Grund für die Neuansetzung ist die plötzliche Erkrankung einer Berufsrichterin, die auch trotz einer nun verlängerten Unterbrechungsfrist von drei Wochen nicht rechtzeitig genesen war.
Am Nachmittag des 6. August 2004 war es in dem Appartementblock an der Schelpsheide zu dem folgenschweren Trinkgelage von Alkoholikern gekommen. Ronald B. und das spätere Opfer Ulrich N. (57) trafen in der Ein-Zimmer-Wohnung von Christiane R. zusammen. Im Dunst von reichlich Schnaps kam es um 19 Uhr zum Streit zwischen den beiden Männern. Ronald B. hatte dann ein Taschenmesser gezogen und es seinem Kumpan in die linke Halsseite gestochen.
Der Schwerverletzte wankte zu seinem Appartement und verblutete dort auf dem Sofa liegend.

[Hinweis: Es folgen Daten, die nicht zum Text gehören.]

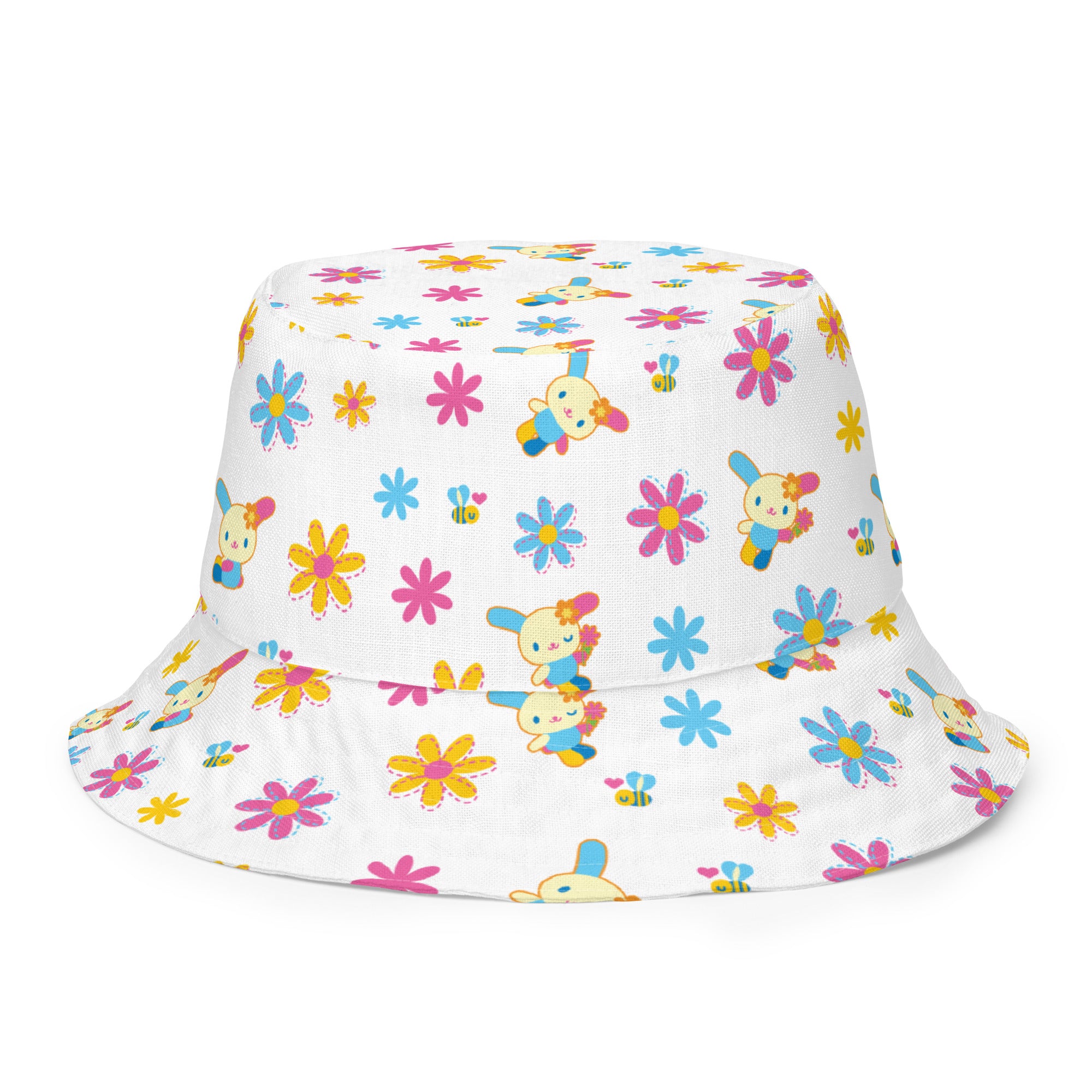 U*SA*HA*NA Daisy Patchwork Reversible Bucket Hat Accessory Printful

Ronald B. hatte zu der Tat nichts ausgesagt. Er berief sich auf einen Filmriss, konnte die Tat jedoch auch nicht ausschließen. Auch die Gastgeberin des Saufgelages mochte sich an den Hergang des Streits nicht erinnern. - Hintergrund waren jedoch die wechselnden Partnerschaften der beteiligten Personen: Ronald B. war jahrelang mit Christiane R. befreundet gewesen, bis sich die Dame Ulrich N. zuwandte. Dessen Ehefrau dagegen war schon zum Zeitpunkt der Tat mit Ronald B. liiert.

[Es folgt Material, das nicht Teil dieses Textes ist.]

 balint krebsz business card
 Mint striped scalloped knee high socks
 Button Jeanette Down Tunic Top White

Zwei Sachverständige sind nach der Anklage zum Ergebnis gekommen, dass der Täter seinerzeit mit mehr als vier Promille alkoholisiert gewesen sein muss. Demnach sei er schuldunfähig gewesen und für die eigentliche Tat nicht zu bestrafen. Dass Staatsanwalt Klaus Metzler das Geschehen rechtlich als Körperverletzung mit Todesfolge und nicht als Totschlag wertete, war von Verteidigerin Christiane Herzig schon im Vorfeld als »Erfolg« bezeichnet worden.